We note that $$ s_{\beta_i} = s_{w(\alpha_i)} = w s_{\alpha_i} w^{-1} $$ for all $i = 1, \dotsc, l$. It follows for the Weyl groups $W$ and $W'$ of the root systems $\Phi$ and $\Phi'$ that $$ W' = \langle s_{\beta} \mid \beta \in \Delta' \rangle = \langle w s_{\alpha} w^{-1} \mid \alpha \in \Delta \rangle = w \langle s_{\alpha_i} \mid \alpha \in \Delta \rangle w^{-1} = w W w^{-1} \,. $$ We now use that $\Delta'$ is contained in $\Phi$. It follows from this inclusion that $$ W' = \langle s_\beta \mid \beta \in \Delta' \rangle \subseteq \langle s_\alpha \mid \alpha \in \Phi \rangle = W \,. $$ Both $W$ and $W'$ have the same cardinality (since they are conjugated), so $W' = W$.

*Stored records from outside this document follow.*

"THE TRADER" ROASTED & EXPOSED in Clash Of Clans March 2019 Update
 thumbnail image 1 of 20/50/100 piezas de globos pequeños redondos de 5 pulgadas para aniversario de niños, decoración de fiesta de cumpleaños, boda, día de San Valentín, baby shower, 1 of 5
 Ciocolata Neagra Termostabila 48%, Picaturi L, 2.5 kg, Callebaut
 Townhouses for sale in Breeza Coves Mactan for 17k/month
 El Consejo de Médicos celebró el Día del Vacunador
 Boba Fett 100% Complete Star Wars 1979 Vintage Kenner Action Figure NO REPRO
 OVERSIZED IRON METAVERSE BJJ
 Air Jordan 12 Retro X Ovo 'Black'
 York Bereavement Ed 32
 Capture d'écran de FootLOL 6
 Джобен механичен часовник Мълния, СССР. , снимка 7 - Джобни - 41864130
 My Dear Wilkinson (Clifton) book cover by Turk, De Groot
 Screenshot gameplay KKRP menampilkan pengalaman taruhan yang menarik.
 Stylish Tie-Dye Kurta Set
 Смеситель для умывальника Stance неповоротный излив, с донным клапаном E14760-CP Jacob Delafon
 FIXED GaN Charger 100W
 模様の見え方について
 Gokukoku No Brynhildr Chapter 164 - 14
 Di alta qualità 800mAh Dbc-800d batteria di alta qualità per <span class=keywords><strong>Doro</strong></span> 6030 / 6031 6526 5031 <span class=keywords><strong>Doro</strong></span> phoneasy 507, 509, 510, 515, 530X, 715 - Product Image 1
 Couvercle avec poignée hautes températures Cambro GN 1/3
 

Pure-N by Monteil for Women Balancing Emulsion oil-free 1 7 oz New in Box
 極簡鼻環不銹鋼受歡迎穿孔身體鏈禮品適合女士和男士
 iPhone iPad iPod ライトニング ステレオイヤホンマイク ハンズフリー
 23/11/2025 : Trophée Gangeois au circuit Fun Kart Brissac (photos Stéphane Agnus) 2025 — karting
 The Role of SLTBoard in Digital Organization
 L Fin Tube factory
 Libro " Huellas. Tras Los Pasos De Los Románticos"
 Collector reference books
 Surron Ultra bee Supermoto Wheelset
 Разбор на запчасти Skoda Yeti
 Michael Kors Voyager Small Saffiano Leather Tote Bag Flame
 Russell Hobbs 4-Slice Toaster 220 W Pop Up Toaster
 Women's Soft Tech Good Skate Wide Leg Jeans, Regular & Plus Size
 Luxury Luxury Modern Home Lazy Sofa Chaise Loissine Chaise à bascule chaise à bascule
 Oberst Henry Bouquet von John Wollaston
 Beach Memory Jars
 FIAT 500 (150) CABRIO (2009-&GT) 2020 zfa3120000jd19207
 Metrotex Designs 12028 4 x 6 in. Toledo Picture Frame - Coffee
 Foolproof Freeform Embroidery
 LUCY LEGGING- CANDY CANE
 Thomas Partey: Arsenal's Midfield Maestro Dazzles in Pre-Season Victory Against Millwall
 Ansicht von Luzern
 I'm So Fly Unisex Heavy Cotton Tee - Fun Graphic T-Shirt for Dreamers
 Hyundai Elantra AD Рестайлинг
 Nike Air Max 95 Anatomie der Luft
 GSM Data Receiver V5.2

The root system $\Phi$ is the $W$-orbit of $\Delta$, and the root system $\Phi'$ is the $W'$-orbit of $\Delta'$. We use the equality $W' = W$ and that $\Delta'$ is contained in $\Phi$ to find that $$ \Phi' = W' \Delta' = W \Delta' \subseteq W \Phi = \Phi \,. $$ But both root systems $\Phi$ and $\Phi'$ have the same cardinality because $\Phi'$ is the image of $\Phi$ under the isometry $w$. Thus $\Phi' = \Phi$.